[TASK INSTRUCTIONS]:
Looking at the records below, say how many lines include "image", and add nothing else.

[PROVIDED RECORDS]:
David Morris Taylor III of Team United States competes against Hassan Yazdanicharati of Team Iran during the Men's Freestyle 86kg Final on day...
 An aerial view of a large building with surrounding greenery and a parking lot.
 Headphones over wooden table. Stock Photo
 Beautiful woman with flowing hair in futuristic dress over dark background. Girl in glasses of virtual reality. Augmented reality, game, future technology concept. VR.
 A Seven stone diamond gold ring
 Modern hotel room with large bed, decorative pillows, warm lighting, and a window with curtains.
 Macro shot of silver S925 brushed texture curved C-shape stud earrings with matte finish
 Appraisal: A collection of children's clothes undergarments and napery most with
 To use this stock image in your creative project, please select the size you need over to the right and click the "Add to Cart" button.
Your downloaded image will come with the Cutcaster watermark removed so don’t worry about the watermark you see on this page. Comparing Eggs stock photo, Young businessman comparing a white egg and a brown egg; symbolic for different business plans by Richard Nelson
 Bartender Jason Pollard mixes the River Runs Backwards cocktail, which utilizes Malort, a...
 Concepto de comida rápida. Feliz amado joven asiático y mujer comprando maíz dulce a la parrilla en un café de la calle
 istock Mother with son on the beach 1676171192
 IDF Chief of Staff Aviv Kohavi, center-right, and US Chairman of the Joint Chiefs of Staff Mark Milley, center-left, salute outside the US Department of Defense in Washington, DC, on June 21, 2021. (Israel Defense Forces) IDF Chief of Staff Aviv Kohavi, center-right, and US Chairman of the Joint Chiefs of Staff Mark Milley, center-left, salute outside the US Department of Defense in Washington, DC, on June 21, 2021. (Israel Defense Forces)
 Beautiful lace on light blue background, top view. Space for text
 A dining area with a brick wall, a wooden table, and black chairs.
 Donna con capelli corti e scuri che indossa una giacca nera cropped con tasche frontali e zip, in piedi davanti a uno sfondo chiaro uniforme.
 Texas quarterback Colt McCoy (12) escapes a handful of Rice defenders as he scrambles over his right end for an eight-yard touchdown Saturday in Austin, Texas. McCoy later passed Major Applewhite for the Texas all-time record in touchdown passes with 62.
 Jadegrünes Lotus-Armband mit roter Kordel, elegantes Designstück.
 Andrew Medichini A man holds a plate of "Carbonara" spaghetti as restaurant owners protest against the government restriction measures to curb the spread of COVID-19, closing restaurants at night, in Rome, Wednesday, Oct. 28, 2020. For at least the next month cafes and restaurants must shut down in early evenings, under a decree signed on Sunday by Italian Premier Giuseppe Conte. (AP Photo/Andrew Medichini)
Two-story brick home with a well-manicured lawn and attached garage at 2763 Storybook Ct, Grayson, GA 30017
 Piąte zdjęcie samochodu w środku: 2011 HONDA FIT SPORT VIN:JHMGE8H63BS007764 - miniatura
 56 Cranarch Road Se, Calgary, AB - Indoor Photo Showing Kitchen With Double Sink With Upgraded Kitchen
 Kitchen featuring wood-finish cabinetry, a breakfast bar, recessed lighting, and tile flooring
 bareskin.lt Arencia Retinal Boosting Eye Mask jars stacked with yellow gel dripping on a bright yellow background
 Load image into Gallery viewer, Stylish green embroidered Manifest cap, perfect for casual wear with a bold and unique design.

[RESULT OF THIS TASK]:
3